[Short web captions]
-- Opening Marker --

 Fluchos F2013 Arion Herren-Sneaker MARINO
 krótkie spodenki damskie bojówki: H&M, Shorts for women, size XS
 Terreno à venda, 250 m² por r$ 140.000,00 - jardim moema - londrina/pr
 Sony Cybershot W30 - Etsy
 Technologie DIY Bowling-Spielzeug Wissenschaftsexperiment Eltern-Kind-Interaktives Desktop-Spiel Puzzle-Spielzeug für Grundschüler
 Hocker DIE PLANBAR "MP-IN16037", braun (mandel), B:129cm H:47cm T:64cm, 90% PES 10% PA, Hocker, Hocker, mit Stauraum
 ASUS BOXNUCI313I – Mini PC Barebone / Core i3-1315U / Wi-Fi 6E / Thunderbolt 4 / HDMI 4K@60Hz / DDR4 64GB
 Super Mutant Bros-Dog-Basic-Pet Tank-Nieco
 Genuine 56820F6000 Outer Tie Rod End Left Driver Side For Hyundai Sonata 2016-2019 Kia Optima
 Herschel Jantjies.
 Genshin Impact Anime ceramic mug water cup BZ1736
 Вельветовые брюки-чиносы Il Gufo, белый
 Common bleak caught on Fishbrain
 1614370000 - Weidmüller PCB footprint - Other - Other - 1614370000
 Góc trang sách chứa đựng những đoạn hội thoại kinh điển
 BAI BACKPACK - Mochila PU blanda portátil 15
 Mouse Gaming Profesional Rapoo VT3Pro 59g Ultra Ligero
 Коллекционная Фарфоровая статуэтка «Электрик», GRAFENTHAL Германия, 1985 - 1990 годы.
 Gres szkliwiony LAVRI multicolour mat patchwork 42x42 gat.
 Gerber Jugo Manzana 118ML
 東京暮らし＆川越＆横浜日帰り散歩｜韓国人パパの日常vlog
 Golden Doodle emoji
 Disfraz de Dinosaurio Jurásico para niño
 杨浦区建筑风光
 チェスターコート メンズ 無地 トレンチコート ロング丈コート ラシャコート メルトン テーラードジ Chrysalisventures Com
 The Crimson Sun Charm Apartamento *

-- Closing Marker --

_What to work on:_
Return the span of lines in the data above that opens at the line with "Technologie DIY Bowling-Spielzeug" and closes at the line with "1614370000 - Weidmüller", exactly, ends included, nothing else.

_Solution to this problem:_
 Technologie DIY Bowling-Spielzeug Wissenschaftsexperiment Eltern-Kind-Interaktives Desktop-Spiel Puzzle-Spielzeug für Grundschüler
 Hocker DIE PLANBAR "MP-IN16037", braun (mandel), B:129cm H:47cm T:64cm, 90% PES 10% PA, Hocker, Hocker, mit Stauraum
 ASUS BOXNUCI313I – Mini PC Barebone / Core i3-1315U / Wi-Fi 6E / Thunderbolt 4 / HDMI 4K@60Hz / DDR4 64GB
 Super Mutant Bros-Dog-Basic-Pet Tank-Nieco
 Genuine 56820F6000 Outer Tie Rod End Left Driver Side For Hyundai Sonata 2016-2019 Kia Optima
 Herschel Jantjies.
 Genshin Impact Anime ceramic mug water cup BZ1736
 Вельветовые брюки-чиносы Il Gufo, белый
 Common bleak caught on Fishbrain
 1614370000 - Weidmüller PCB footprint - Other - Other - 1614370000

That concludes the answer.